Durante il governo di Andrea Doria, Genova subì una splendida e profonda trasformazione edilizia; si arricchì dei più bei palazzi , di magnifiche ville e chiese grandiose. Andrea Doria si era costruita la principessa villa di Fassolo, decorata da valentissimi pittori e ben degna dell’ imperatore Carlo V che vi fu ospitato, inoltre egli possedeva una Casa, sita in piazza S. Matteo al n. 17. Genova godette della pace fino alla congiura dei Fieschi (1547); mentre le navi genovesi, comandate prima da Andrea e poi da Giannettino, suo nipote, tennero testa quasi sempre vittoriosamente alle incursioni piratesche. La congiura dei Fieschi fu sanguinosamente repressa e la costituzione modificata in modo da escludere dal governo i nobili del “ Portico di S. Pietro”, sospetti di aver favorito i Fieschi, che agivano a vantaggio dei Francesi. Morto il valoroso Giannettino nella congiura dei Fieschi, Andrea Doria, ormai vecchio, non poté più condurre le sue spedizioni contro i pirati. Andrea Doria morì nel 1560, vinto più dal dolore che dagli anni: il Mediterraneo era tornato preda dei pirati barbareschi, mentre le discordie interne avevano ridotto la città in tristi condizioni.

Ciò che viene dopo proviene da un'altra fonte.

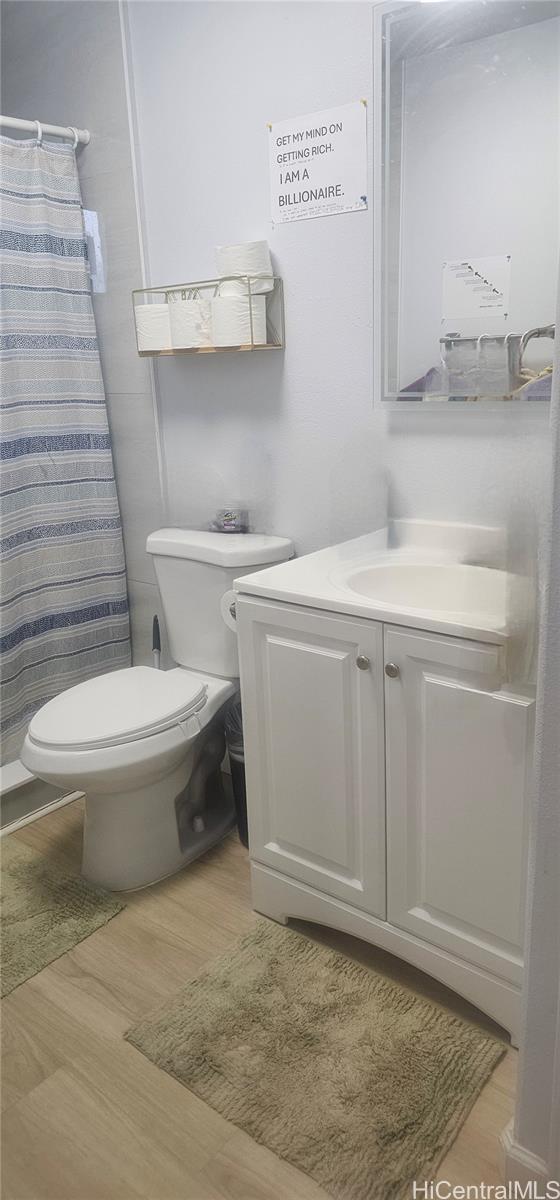 94-220  Waipahu St Robinson Heights, Waipahu home - photo 6 of 20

Intanto al governo della Repubblica era succeduto Gian Andrea Doria, che, privo delle doti militari e delle virtù politiche del prozio, rinfocolò, con le sue imprudenze, gli odi vecchi e ne accese di nuovi, per reprimere i quali egli non ebbe né forza né autorità. Nel 1573, scoppiato il malcontento, Gian Andrea Doria, nonostante avesse radunato in città soldati suoi e spagnoli, non riuscì a mantenere il potere, che fu assunto da una magistratura popolare. Il Doria chiamò in aiuto don Giovanni d’Austria, ma infine dovette accettare la mediazione del Papa, che riunì i rappresentanti delle due parti del convegno. Fu allora modificata la costituzione, abolendo gli “alberghi” e istituendo nuove magistrature, fra cui il Senato.

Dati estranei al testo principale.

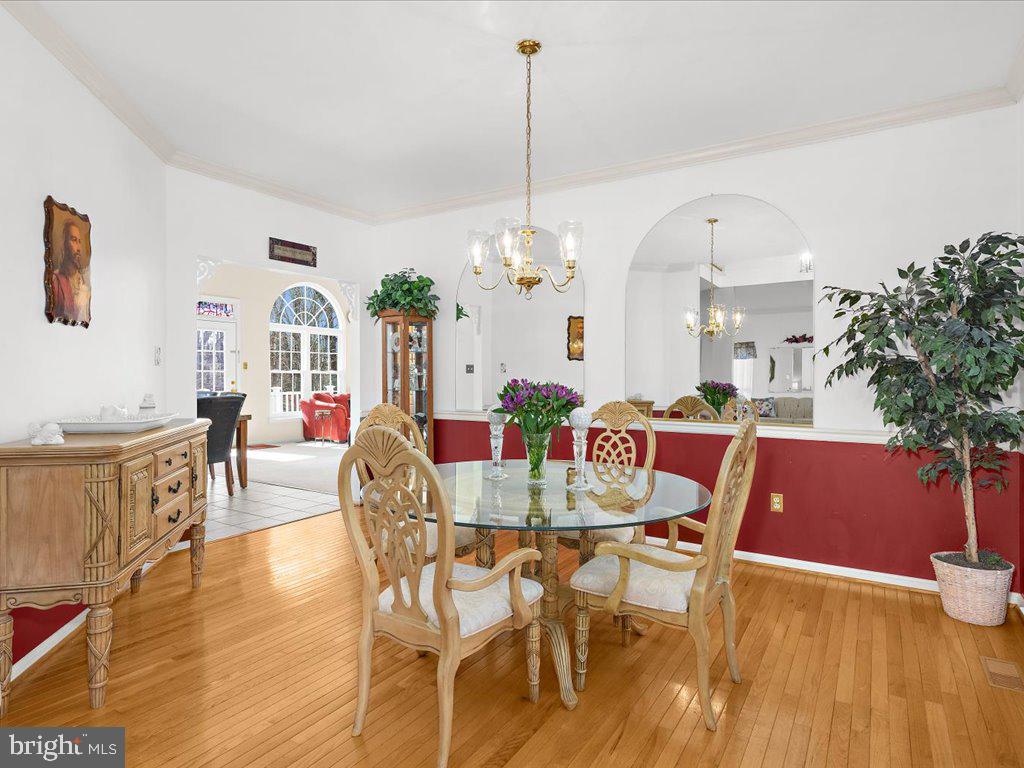 GABLES AT LAWYERS HILL - Residential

Il malcontento tuttavia non cessò e ne approfittarono le potenze straniere, incitando rivolte e suscitando congiure. Più famosa restò quella di Giulio Cesare Vacchero, che cercò invano di provocare una sommossa per favorire le intenzioni del Duca di Savoia; egli fu scoperto e decapitato nel 1628. Cinque anni dopo un altro Vacchero tentò una nuova congiura ed anche lui fu condannato a morte. La Repubblica decise di premunirsi, alzando una nuova cinta di mura fortificate, ma non tralasciò le opere pubbliche, poiché in quel tempo fece costruire il nuovo molo ed aprì nuove strade. Né vennero meno le utili opere di beneficenza: il genovese B. Bosco, nel secolo prima, aveva fondato l’Ospedale di Pammatone, in seguito Ettore Vernazza aveva istituito la società di soccorso “del Mandiletto”, e, poco dopo, aveva fondato l’ospedale degli incurabili. Nel 1656 Genova fu colpita da una gravissima epidemia di peste. A questa calamità si aggiunsero altre congiure e lotte intestine; in seguito si verificò il prepotente intervento di Luigi XIV nelle cose interne e nei commerci di Genova, a cui voleva imporre la sua volontà. La Repubblica rifiutò fieramente di accettare tali pretese e sostenne un lungo bombardamento dell’armata francese, infine, spossata ed affamata, dovette cedere.